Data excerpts
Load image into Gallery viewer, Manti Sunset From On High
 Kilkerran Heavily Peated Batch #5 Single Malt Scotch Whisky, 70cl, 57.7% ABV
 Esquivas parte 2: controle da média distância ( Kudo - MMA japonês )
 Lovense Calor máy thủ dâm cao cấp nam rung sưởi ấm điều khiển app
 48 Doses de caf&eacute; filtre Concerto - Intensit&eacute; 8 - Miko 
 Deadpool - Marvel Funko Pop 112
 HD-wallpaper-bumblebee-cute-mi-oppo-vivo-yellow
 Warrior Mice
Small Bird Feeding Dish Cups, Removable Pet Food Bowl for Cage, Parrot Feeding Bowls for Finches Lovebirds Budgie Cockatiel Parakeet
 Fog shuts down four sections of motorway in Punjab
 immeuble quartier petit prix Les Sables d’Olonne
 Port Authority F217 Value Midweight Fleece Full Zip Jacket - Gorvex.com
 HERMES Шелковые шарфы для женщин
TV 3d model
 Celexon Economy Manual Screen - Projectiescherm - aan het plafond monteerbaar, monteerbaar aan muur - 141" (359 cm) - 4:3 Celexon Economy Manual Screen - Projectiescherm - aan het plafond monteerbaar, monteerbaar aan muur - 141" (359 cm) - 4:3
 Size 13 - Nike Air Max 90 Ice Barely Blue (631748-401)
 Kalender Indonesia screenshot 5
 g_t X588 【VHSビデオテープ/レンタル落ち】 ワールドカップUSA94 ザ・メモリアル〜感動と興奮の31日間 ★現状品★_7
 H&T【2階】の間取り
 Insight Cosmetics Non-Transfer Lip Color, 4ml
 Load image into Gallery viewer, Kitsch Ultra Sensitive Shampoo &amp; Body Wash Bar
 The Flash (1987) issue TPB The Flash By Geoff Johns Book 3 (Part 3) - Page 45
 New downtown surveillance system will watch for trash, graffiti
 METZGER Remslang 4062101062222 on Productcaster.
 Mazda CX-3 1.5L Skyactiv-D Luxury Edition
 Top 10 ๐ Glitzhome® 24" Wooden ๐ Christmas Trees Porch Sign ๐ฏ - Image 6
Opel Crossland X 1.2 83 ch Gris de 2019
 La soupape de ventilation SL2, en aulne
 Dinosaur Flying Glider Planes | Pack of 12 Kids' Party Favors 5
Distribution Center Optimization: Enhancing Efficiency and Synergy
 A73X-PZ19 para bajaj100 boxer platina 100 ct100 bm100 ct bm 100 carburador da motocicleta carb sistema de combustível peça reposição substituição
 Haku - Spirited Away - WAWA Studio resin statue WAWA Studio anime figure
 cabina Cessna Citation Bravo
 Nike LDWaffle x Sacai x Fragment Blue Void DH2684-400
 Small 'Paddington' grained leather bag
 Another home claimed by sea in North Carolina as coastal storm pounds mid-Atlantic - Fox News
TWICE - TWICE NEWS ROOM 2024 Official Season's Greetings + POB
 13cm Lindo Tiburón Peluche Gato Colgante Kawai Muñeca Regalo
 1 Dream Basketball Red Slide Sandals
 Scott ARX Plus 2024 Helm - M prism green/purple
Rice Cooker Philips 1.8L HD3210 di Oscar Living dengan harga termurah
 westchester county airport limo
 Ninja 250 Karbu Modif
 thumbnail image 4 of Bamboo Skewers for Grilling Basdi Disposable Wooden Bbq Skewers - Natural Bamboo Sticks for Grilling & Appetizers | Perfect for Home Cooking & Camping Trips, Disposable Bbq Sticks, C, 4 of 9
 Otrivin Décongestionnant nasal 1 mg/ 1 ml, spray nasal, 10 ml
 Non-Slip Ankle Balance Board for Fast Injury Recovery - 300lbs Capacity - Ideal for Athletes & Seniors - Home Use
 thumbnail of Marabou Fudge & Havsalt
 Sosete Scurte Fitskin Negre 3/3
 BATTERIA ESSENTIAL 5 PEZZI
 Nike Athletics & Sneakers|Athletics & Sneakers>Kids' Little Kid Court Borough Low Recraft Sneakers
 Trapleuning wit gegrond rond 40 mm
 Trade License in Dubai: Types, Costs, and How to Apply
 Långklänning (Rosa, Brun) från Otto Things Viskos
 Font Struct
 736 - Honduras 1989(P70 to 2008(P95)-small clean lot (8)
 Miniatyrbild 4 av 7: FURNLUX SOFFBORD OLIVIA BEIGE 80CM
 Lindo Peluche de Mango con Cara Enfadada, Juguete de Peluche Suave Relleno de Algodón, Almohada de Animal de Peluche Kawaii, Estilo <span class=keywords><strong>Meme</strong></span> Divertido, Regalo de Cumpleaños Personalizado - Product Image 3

> _ASSIGNMENT_: Reproduce the data in its entirety, matching each character.

> _FINISHED TASK_:
Load image into Gallery viewer, Manti Sunset From On High
 Kilkerran Heavily Peated Batch #5 Single Malt Scotch Whisky, 70cl, 57.7% ABV
 Esquivas parte 2: controle da média distância ( Kudo - MMA japonês )
 Lovense Calor máy thủ dâm cao cấp nam rung sưởi ấm điều khiển app
 48 Doses de caf&eacute; filtre Concerto - Intensit&eacute; 8 - Miko 
 Deadpool - Marvel Funko Pop 112
 HD-wallpaper-bumblebee-cute-mi-oppo-vivo-yellow
 Warrior Mice
Small Bird Feeding Dish Cups, Removable Pet Food Bowl for Cage, Parrot Feeding Bowls for Finches Lovebirds Budgie Cockatiel Parakeet
 Fog shuts down four sections of motorway in Punjab
 immeuble quartier petit prix Les Sables d’Olonne
 Port Authority F217 Value Midweight Fleece Full Zip Jacket - Gorvex.com
 HERMES Шелковые шарфы для женщин
TV 3d model
 Celexon Economy Manual Screen - Projectiescherm - aan het plafond monteerbaar, monteerbaar aan muur - 141" (359 cm) - 4:3 Celexon Economy Manual Screen - Projectiescherm - aan het plafond monteerbaar, monteerbaar aan muur - 141" (359 cm) - 4:3
 Size 13 - Nike Air Max 90 Ice Barely Blue (631748-401)
 Kalender Indonesia screenshot 5
 g_t X588 【VHSビデオテープ/レンタル落ち】 ワールドカップUSA94 ザ・メモリアル〜感動と興奮の31日間 ★現状品★_7
 H&T【2階】の間取り
 Insight Cosmetics Non-Transfer Lip Color, 4ml
 Load image into Gallery viewer, Kitsch Ultra Sensitive Shampoo &amp; Body Wash Bar
 The Flash (1987) issue TPB The Flash By Geoff Johns Book 3 (Part 3) - Page 45
 New downtown surveillance system will watch for trash, graffiti
 METZGER Remslang 4062101062222 on Productcaster.
 Mazda CX-3 1.5L Skyactiv-D Luxury Edition
 Top 10 ๐ Glitzhome® 24" Wooden ๐ Christmas Trees Porch Sign ๐ฏ - Image 6
Opel Crossland X 1.2 83 ch Gris de 2019
 La soupape de ventilation SL2, en aulne
 Dinosaur Flying Glider Planes | Pack of 12 Kids' Party Favors 5
Distribution Center Optimization: Enhancing Efficiency and Synergy
 A73X-PZ19 para bajaj100 boxer platina 100 ct100 bm100 ct bm 100 carburador da motocicleta carb sistema de combustível peça reposição substituição
 Haku - Spirited Away - WAWA Studio resin statue WAWA Studio anime figure
 cabina Cessna Citation Bravo
 Nike LDWaffle x Sacai x Fragment Blue Void DH2684-400
 Small 'Paddington' grained leather bag
 Another home claimed by sea in North Carolina as coastal storm pounds mid-Atlantic - Fox News
TWICE - TWICE NEWS ROOM 2024 Official Season's Greetings + POB
 13cm Lindo Tiburón Peluche Gato Colgante Kawai Muñeca Regalo
 1 Dream Basketball Red Slide Sandals
 Scott ARX Plus 2024 Helm - M prism green/purple
Rice Cooker Philips 1.8L HD3210 di Oscar Living dengan harga termurah
 westchester county airport limo
 Ninja 250 Karbu Modif
 thumbnail image 4 of Bamboo Skewers for Grilling Basdi Disposable Wooden Bbq Skewers - Natural Bamboo Sticks for Grilling & Appetizers | Perfect for Home Cooking & Camping Trips, Disposable Bbq Sticks, C, 4 of 9
 Otrivin Décongestionnant nasal 1 mg/ 1 ml, spray nasal, 10 ml
 Non-Slip Ankle Balance Board for Fast Injury Recovery - 300lbs Capacity - Ideal for Athletes & Seniors - Home Use
 thumbnail of Marabou Fudge & Havsalt
 Sosete Scurte Fitskin Negre 3/3
 BATTERIA ESSENTIAL 5 PEZZI
 Nike Athletics & Sneakers|Athletics & Sneakers>Kids' Little Kid Court Borough Low Recraft Sneakers
 Trapleuning wit gegrond rond 40 mm
 Trade License in Dubai: Types, Costs, and How to Apply
 Långklänning (Rosa, Brun) från Otto Things Viskos
 Font Struct
 736 - Honduras 1989(P70 to 2008(P95)-small clean lot (8)
 Miniatyrbild 4 av 7: FURNLUX SOFFBORD OLIVIA BEIGE 80CM
 Lindo Peluche de Mango con Cara Enfadada, Juguete de Peluche Suave Relleno de Algodón, Almohada de Animal de Peluche Kawaii, Estilo <span class=keywords><strong>Meme</strong></span> Divertido, Regalo de Cumpleaños Personalizado - Product Image 3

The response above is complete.